PESHAWAR, June 11: Rights activists have demanded a ban on domestic child labour at homes of government officials. Speaking at a debate held here on Monday in connection with the World Day against Child Labour, they held lack of will on the part of the government, impractical policies and lack of awareness among parents responsible for growing child labour in the country.

There were 36 worst forms of child labour and the government had been unable to eradicate them, said Jehanzeb Khan, regional manager of the Society for the Protection of the Rights of the Child (Sparc). He said the government had signed the Convention on the Rights of the Child, but according to the United Nations Children’s Fund’s data, millions of children were still involved in child labour.

The worst forms of child labour include work in mechanical workshops, construction, waste disposal and chemical sector.

The menace was on the rise because of poverty and parents often used their children as a source of earning, he said.

A labour department official said a survey conducted in 1996 by the International Labour Organization (ILO) and the Bureau of Statistics revealed that there were 1.06 million child labourers in the country and the number must be much higher now.
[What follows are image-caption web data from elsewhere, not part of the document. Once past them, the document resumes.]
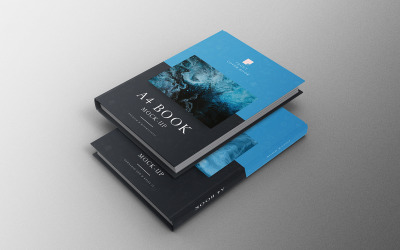 A4 Book Mockup PSD Template Vol 33
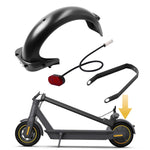 X0255 Spinta posteriore per scooter elettrico con fanale posteriore per Ninebot Max G30, Rear Push Board With Taill Light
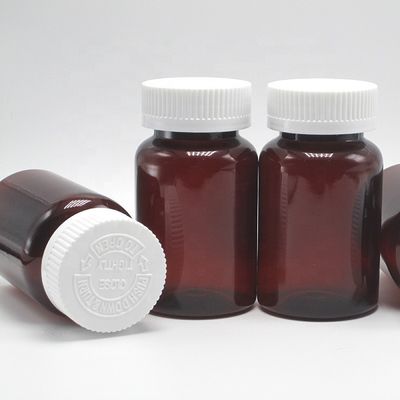 Veilig bewaren Supplementen met 120 ml 4 oz Translucent Amber Pill Containers en Cap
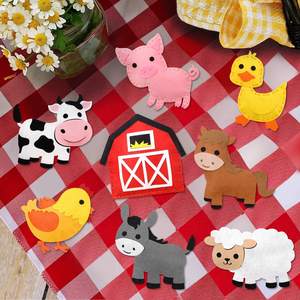 Kit di Cucito Educativo Montessori Tutto-in-Uno per Bambini in Età Prescolare, <span class=keywords><strong>Attività</strong></span> Artigianale con Animali della Fattoria per lo Sviluppo della Motricità Fine - Product Image 5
No such survey had been conducted in the recent years, the official said.

The number of such children was much higher as, usually, surveys didn’t include all areas, a participant said.
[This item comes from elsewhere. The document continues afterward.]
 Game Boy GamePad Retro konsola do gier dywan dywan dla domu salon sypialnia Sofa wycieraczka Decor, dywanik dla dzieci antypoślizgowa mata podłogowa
In the face of growing population, government and non-governmental organisations should work in collaboration to eradicate at least the worst form of child labour, the participants said.

The government should make arrangements for informal education and vocational training of such children, as simply stopping them from working by a law would not solve the problem, they said.

The labour department alone could not eradicate the problem, as a staff of 34 people, including four labour inspectors, could not take action against those who employed children below 14 years of age in the hazardous forms of labour, an official said.

The lack of interest of the government was evident for that fact that the National Steering Committee formed last year under the labour ministry had not conducted a national survey so far, a participant said.

Despite rampant child labour in the NWFP, the legal service unit of the provincial labour department had taken up only eight cases of bonded labour, a participant said.

Only one district vigilance committee had been formed in Mardan under the Abolition of Bonded Labour Act, 1992, and no such body existed in the 23 other districts of the province, said a participant.

The participants said priorities should be set to concentrate on abolishing worst forms of child labour first. Education should be the cornerstone of any preventive strategy, they said.